Caltex has moved to sell 25 metropolitan freehold petrol stations, in the first tranche of its 50 property divestment strategy.
The service stations, 16 of which are in New South Wales, seven in Victoria, one in WA, and one on the Gold Coast, will be listed in an attempt to reduce costs.
Sydney-based Caltex, which has been lagging in the ASX’s benchmark energy index over the past year, has suffered as a weakness in refining has taken grip, with margins across Asia reaching five-year lows early this year.
The market has seemingly been losing faith in Caltex's retailing profit targets over the past six to 12 months as returns from the rollout of new and revamped stores proved slow to emerge.
The petrol and diesel supplier is going through a top-to-bottom restructuring and last year decided against a more radical demerger or restructuring of the retailing and infrastructure assets that could potentially have unlocked value.
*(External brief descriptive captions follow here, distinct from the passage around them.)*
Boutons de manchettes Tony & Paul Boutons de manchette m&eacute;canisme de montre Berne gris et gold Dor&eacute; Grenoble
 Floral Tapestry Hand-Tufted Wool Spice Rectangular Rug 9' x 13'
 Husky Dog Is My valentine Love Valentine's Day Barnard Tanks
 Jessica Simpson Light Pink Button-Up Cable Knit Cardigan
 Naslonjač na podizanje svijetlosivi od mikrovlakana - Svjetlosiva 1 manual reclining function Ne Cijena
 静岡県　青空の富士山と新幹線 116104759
About 500 of its 790 company-owned and operated petrol stations have been identified as delivering “strong returns” and growth, while another 240 are still under review but will remain part of the network.
The move to reposition its assets comes after Caltex reported a 54 per cent drop in benchmark profit for the June half.
The company reduced its guidance for full-year fuels sales from its own production to about 5.5 billion litres, from 5.8 billion litres, because of high oil purchasing costs.
All parts of the business have been hit by the difficult macro-economic conditions said to be arising from the slowing Australian economy, low refining margins combined with a low foreign exchange rate.
Caltex, which has promising to investors to deliver up to $150 million in additional earnings from its convenience retail business by 2024, saw its underlying profit in the convenience retail operations sliding backwards by $35 million in 2018.
Bottom-line net earnings dropped to $155 million from $383 million a year earlier on revenues that edged up 1 per cent to $10.3 billion.
Earnings before interest and tax from fuels and infrastructure fell 38.5 per cent to $193 million, while convenience retail EBIT almost halved to $85 million from $161 million in the first half of 2018.
Amid the tough climate in both retailing and refining Caltex is now taking steps to reduce its cost base by $100 million a year, cashing in a trove of petrol station assets, highly valued by developers and investors in the market.
CBRE investments director Mark Wizel is managing the marketing campaign along with Julian White and Stonebridge director Lincoln Blackledge.
Caltex chief development officer David Bridger confirmed the company's decision.
“These sites are ideal for low to medium-rise apartment development, located in attractive, high demand areas with strong growth opportunities.
“They also possess long-term development prospects which will appeal to a large number of prospective buyers who are looking at delivering a range of different end products into the inner metro markets.”
Caltex will also shift its corporate headquarters from the Sydney CBD to Alexandria, four kilometres to the south, next year as part of its cost-cutting drive. The company has also slashed its capex budget for this year.
Caltex is also proceeding with the shutdown of a crude unit at Lytton to rectify performance issues that have dogged it since a power supply interruption in January.
The shutdown is expected to reduce production by 200 million to 250 million litres, with Caltex putting full-year guidance for output at 5.8 billion litres, down from 6.04 billion last year.